C’est sur cette échelle que se situe la dette commune des vivants que nous sommes envers leurs prédécesseurs morts, comme envers leurs descendances (nous sommes responsables du passé, et responsables du futur). C’est sur elle que se mesure la responsabilité que nous portons envers ceux qui, souffrants de nos décisions, sont les plus lointains, les moins aptes à exprimer le tort subi, les moins aisément représentables dans la discussion. Mais c’est aussi sur elle que se mesurent les conséquences non– voulues d’un choix qui répondait à une autre situation. Et sur elle enfin que se mesure la méchanceté, le mal sciemment et stratégiquement mis à exécution.

Un article de Ricoeur, paru en Mars 1949 dans notre revue (Le Christianisme Social), reprenait l’analyse de La Culpabilité Allemande proposée par Karl Jaspers, et distinguait :

1) La culpabilité criminelle, où le sujet coupable est un individu criminel, placé devant un tribunal, et susceptible de recevoir un châtiment.

2) La culpabilité politique, où le sujet coupable est le peuple des citoyens consentants, placé devant les vainqueurs, et susceptible de verser des réparations.

3) La culpabilité morale, où le sujet coupable est chacun, n’importe qui, placé devant un ami, et susceptible de se repentir.

4) La culpabilité métaphysique, où le sujet coupable est constitué par l’ensemble des « survivants », placé devant Dieu et confessant combien il a manqué à la solidarité totale.

Il faut souligner au passage que les culpabilités politiques et métaphysiques, ici très marquées par le contexte du nazisme et de la guerre de 39–45, sont des culpabilités collectives, alors que les responsabilités criminelles et morales seraient plus individuelles. Mais on peut coupler ces différences autrement : car dans la responsabilité criminelle et politique, on peut être jugé de loin, sur l’extériorité des actes, tandis que dans la culpabilité morale et métaphysique, on ne peut être jugé que dans la conscience intime. Telle est la double différence entre culpabilité et responsabilité.

Dans tous les cas, ne pas liquider le problème de la responsabilité, c’est accepter le caractère foncièrement problématique du sujet responsable. Je veux dire : que le « même » sujet n’est pas identiquement reponsable en tant que sujet juridique, sujet politique, sujet éthique, sujet humain ou vivant. Différencier les échelles de responsabilité, c’est accepter que la responsabilité puisse répondre (répondre de ses réponses de ses approbations, de ses choix, de ses abstentions mêmes) « devant » des questionnements (et des « questionnants ») de types divers. Une instance unique, ni juridique, ni politique ou historique (les vainqueurs!), ni morale, ni religieuse, ne saurait s’arroger le monopole du jugement.

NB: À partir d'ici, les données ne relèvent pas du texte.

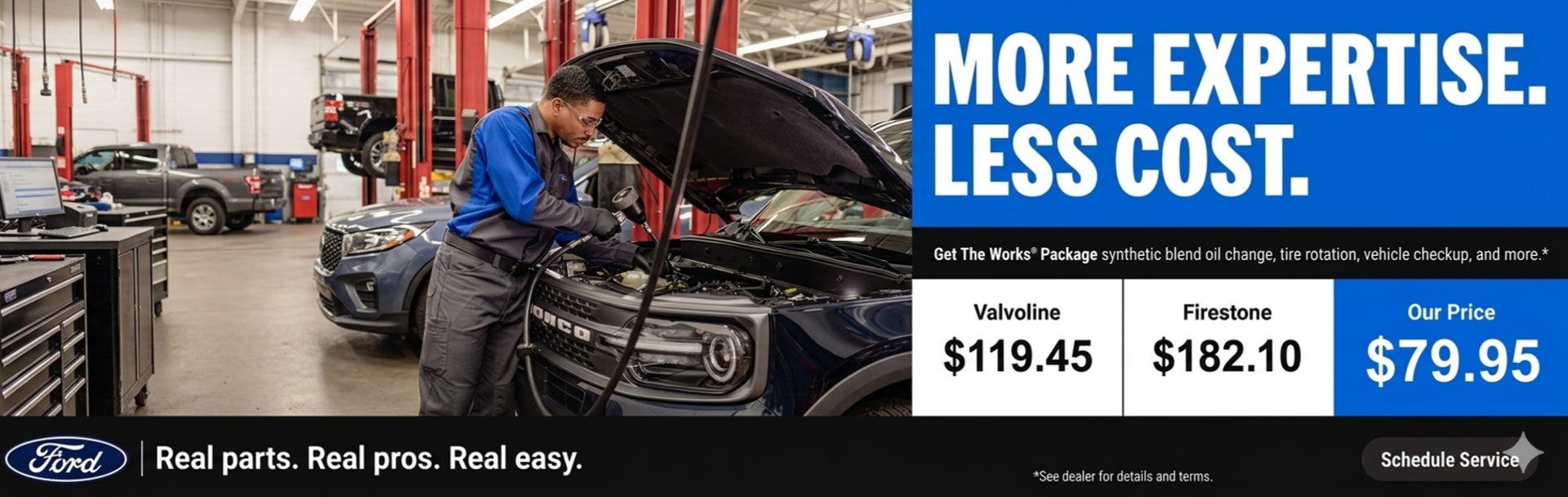 More Expertise. Less Cost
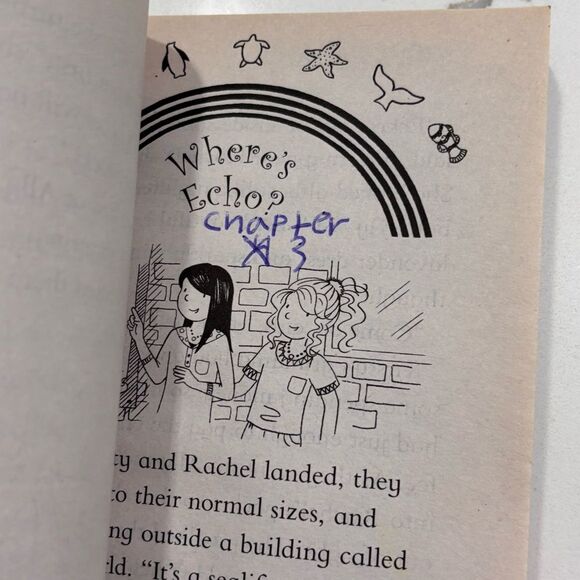 THE OCEAN FAIRIES RAINBOW MAGIC FAIRIES: Books 1-7 Set/Lot (by Daisy Meadows) - Picture 15 of 16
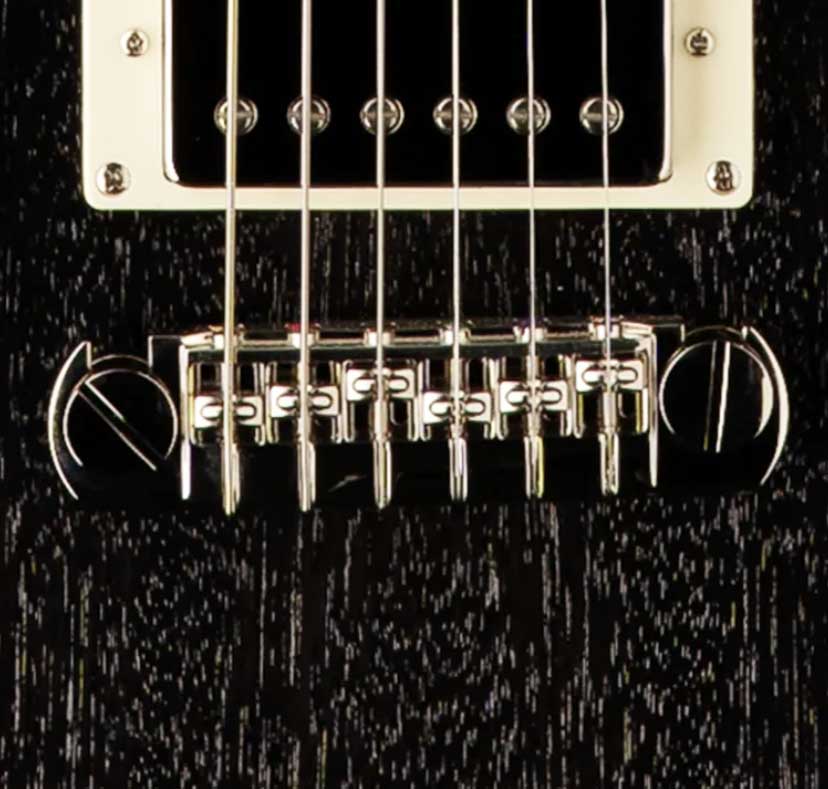 Prs Se Hollowbody Standard Piezo 2h Ht Eb - Dog Hair Smokeburst - Semi-Hollow E-Gitarre - Variation 4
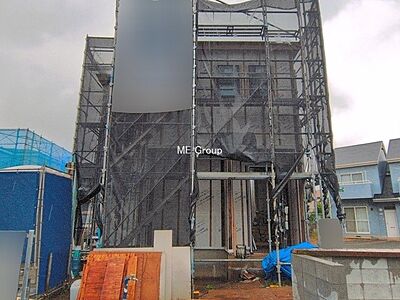 外観:1号棟 ■暮らしを豊かにする充実した仕様設備で快適に 外観:1号棟 ■暮らしを豊かにする充実した仕様設備で快適に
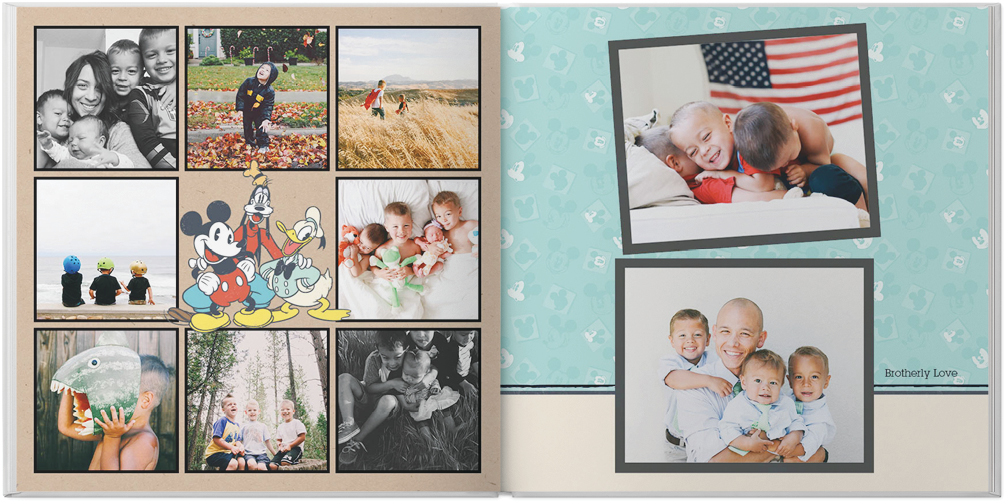 Classic Disney 10x10 Photo Book Preview 5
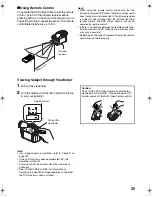 Preview for 35 page of Panasonic VDR-M55EB Operating Instructions Manual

Prendre la responsabilité au sérieux, c’est aussi accepter qu’elle ait parfois à répondre devant des questions inédites, dont elle n’a pas la réponse. Si, devant les manipulations génétiques ou les nouvelles guerres balkaniques, nous nous bornons, comme certains s’y complaisent, à répéter indéfiniment le scénario du « cette fois–ci le nazisme ne passera pas », ou « on ne dira pas qu’on ne savait pas », ces gesticulations, aussi compréhensibles soient– elles, nous cachent peut–être, et vraisemblablement, les « nouvelles » formes de malheur qui nous guettent.